For poetry lovers around the U.S., former Poet Laureate Billy Collins (2001-2003) needs no introduction. The New York State Poet for 2004 through 2006, he is a distinguished professor at Lehman College of the City University of New York and the Senior Distinguished Fellow of the Winter Park Institute in Florida. In 2015 he was appointed a teacher in the MFA program at Stony Brook Southampton. He continues to garner accolades as the country’s favorite “easy reading poet.”
Co-sponsored with the Poetry Society of America, the New York Botanical Garden for three years now has hosted a Billy Collins reading for the winter portion of its year-round celebration of “Poetry for Every Season.” Collins has specifically been invited as part of the winterscape exhibition accompanying the beloved Holiday Train Show.
For each seasonal exhibit, large poetry placards are spaced along garden walks with accompanying audio tours featuring the poets (for the Frida Kahlo exhibit, Octavio Paz; for the Train Show: Billy Collins) reading their works. It’s all part of the Poetry Society of America’s crusade to bring poetry into the lives of Americans at every opportunity. If you’ve been on a New York subway recently, you may have bumped up against a poet reciting his or her poetry or viewed a poem taking the place of an insurance ad. What better uplift do you need to extend your life and happiness than a poem that allows you to perceive images of the world beautifully expressed in a new way?

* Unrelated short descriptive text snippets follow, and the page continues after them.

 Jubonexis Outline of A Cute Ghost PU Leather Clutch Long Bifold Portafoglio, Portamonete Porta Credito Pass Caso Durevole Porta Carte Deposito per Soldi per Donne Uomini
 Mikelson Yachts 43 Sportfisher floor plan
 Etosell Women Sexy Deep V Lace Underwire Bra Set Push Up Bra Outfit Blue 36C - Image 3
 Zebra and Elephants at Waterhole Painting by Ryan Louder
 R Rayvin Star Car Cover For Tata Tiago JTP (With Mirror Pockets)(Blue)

Last year when my cousin and I attended Billy Collins’s reading at the NYBG Holiday Train Show, she frankly admitted to Collins that she had always hated poetry because she never understood it. She told him that his poems were the first she enjoyed listening to and that he opened up a doorway for her into the world of poetry. As a former nerdy English teacher who taught literature and poetry, I have a sardonic and jaded attitude towards free verse poets, preferring the art of archaic sonnet writing or the rhymes of Frost, Dickinson, Milton, Yeats, Coleridge and the Romantic poets (Wordsworth, Keats, etc). But with Collins my nose is turned to the treasures of the earth, appreciating his word gems that shine unique images of everyday wisdom that move me along to a state of meditative repose. I really enjoy his turns of phrase, profound concepts expressed with spare, haunting phrasing, and stark metaphors.

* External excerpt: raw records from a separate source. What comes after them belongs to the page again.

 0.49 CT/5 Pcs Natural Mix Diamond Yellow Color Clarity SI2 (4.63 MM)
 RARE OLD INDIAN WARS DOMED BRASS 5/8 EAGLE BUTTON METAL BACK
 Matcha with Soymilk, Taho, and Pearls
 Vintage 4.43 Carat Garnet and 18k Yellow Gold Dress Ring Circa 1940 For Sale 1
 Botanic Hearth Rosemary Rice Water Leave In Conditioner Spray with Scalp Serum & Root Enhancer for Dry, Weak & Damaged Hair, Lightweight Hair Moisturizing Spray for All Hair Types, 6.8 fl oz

And Collins is a funny guy. He has learned the fine art of droll, ironic entertainment and the spontaneity of quipping and commenting between understated readings of his free verse poems. If practice makes for perfection, Collins revealed he’s practiced plenty. His reading of poems on wintry subjects was measured perfection if not a completely ironic repast in this most warm of pre-seasonal winters leading up to December 21, the date the Winter Solstice occurs in New York City. Reading poems like “Snow Day,” “Shoveling Show With Buddha,” and “Winter,” Collins lightly referred to the unusual “appropriateness” of the poems given Saturday’s spring temperatures. However, the themes and images in those he read transcended the cold and wintry aspect and reached toward the irrevocable in each of our inner, whispered thoughts and feelings that Collins seems to so effortlessly express.

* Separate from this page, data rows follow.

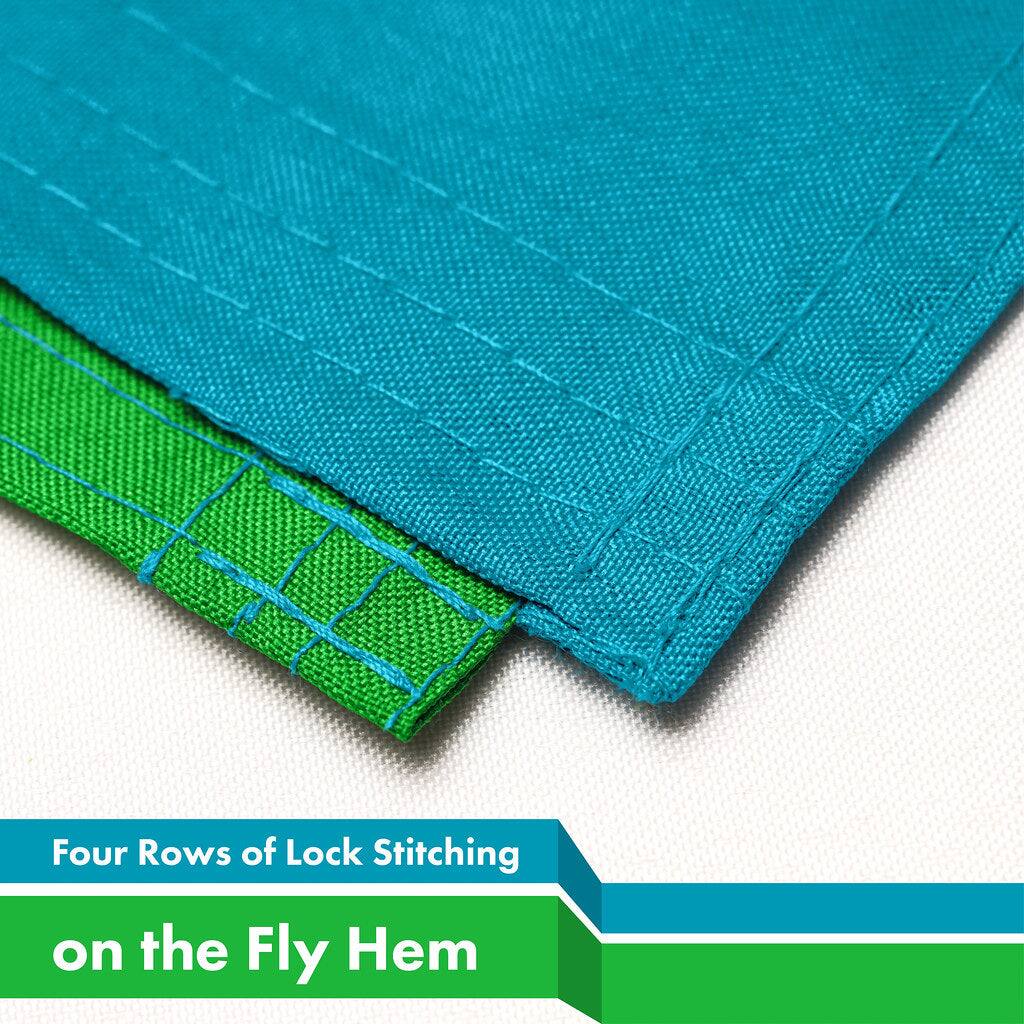 Four Rows of Lock Stitching on the Fly Hem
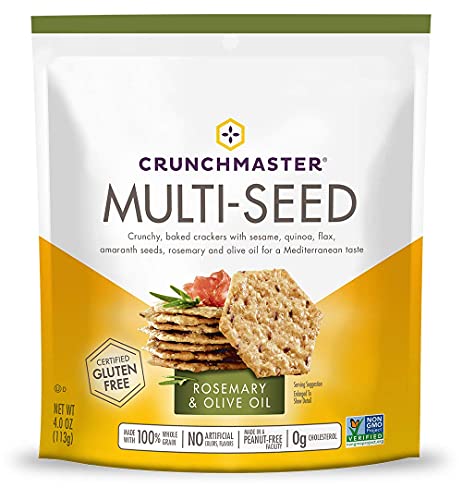 Crunchmaster Multi-Seed Crackers, Rosemary & Olive Oil, 4 Ounce (Pack 2)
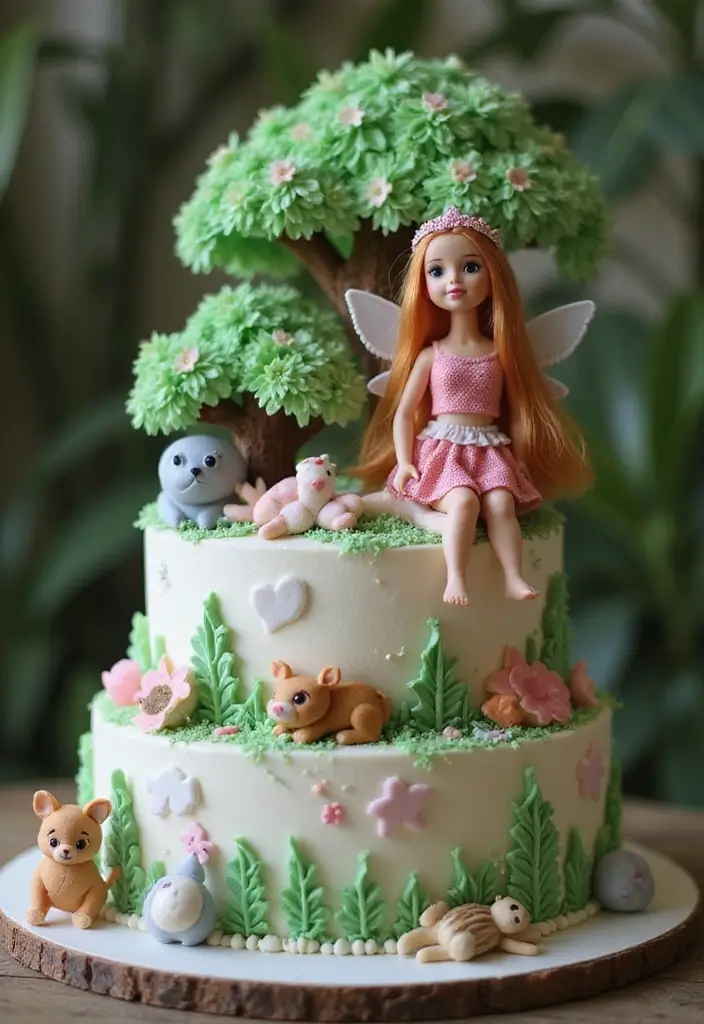 30 Barbie Birthday Cake Ideas That Are Glamorous and Fun 16 30 Barbie Birthday Cake Ideas That Are Glamorous and Fun - 16. Barbie Woodland Forest Cake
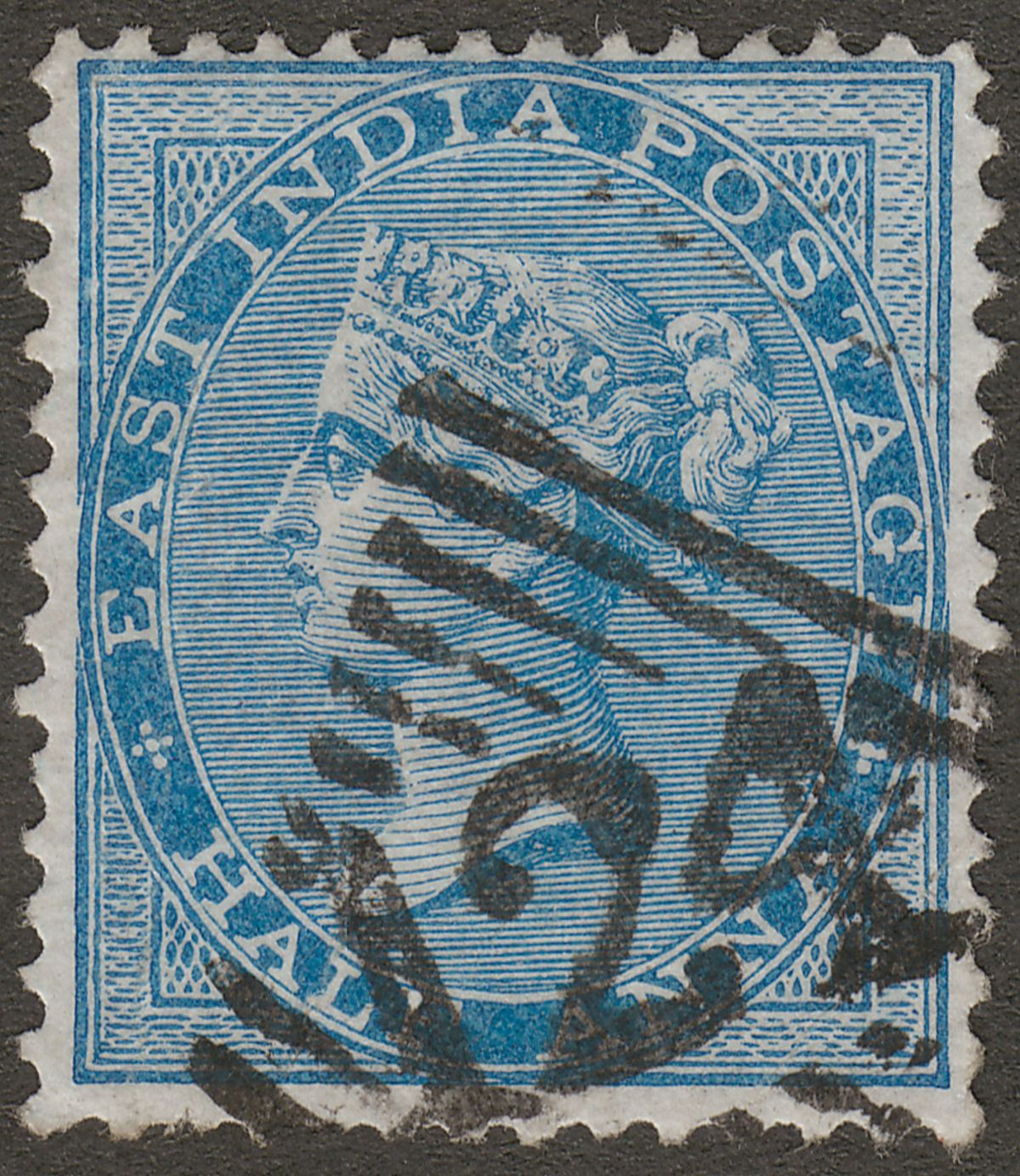 India used Aden 1866 QV ½a Blue Die II Used with 124 Aden Postmark SG Z36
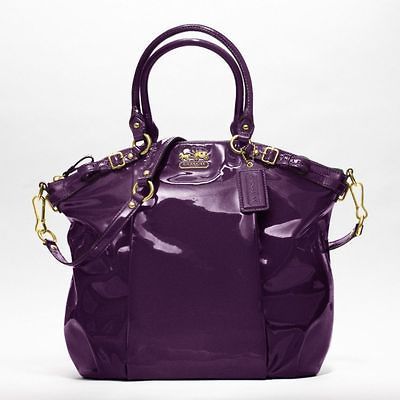 NWT COACH 18627 Madison Patent Leather Lindsey Satchel Bag Purse Plum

Collins gave a nod to Emily Dickinson, Walt Whitman and the Holiday Train Show and read two of the 19th-century poets’ train poems. I found myself drifting and only became relocated when Collins ventured back to his own crisp, dense phrases in wonderful poems like “Adage” and “Genius.” “Adage,” which deals with our use of clichés and commonplace maxims in a fitting exercise of defining what love (often reduced to cliché) is, begins:
When it’s late at night and branches
Are banging against the windows,
you might think that love is just a matter
of leaping out of the frying pan of yourself
into the fire of someone else…
When the poet read the phrase “frying pan of yourself/into the fire…” a young child in the audience gave a magnificent whoop. It was the perfect sound effect to punctuate the hot metaphor. After a shocked one-second pause during which poet and audience registered the profound and humorous significance together, gales of laughter broke out. Relationships at their best or worst can be hot flames, but only a young, vibrant child born of such fiery love and thrilled with his gift of life could remind us of that with such unintentional and irrepressible enthusiasm.
The spirit certainly got ahold of that boy-child at an amazing moment and the joy we all felt at his perfectly timed exclamation point is the kind of stuff, I imagine, that follows Billy Collins around as what you might call random non-coincidences. Poetry that flows from the unexpected into the continually surprising is vintage Collins. His reading of select poetry on December 12 at the NYBG Train Show was emblematic of the wit and grace that have earned him the handle “the most popular poet in America.”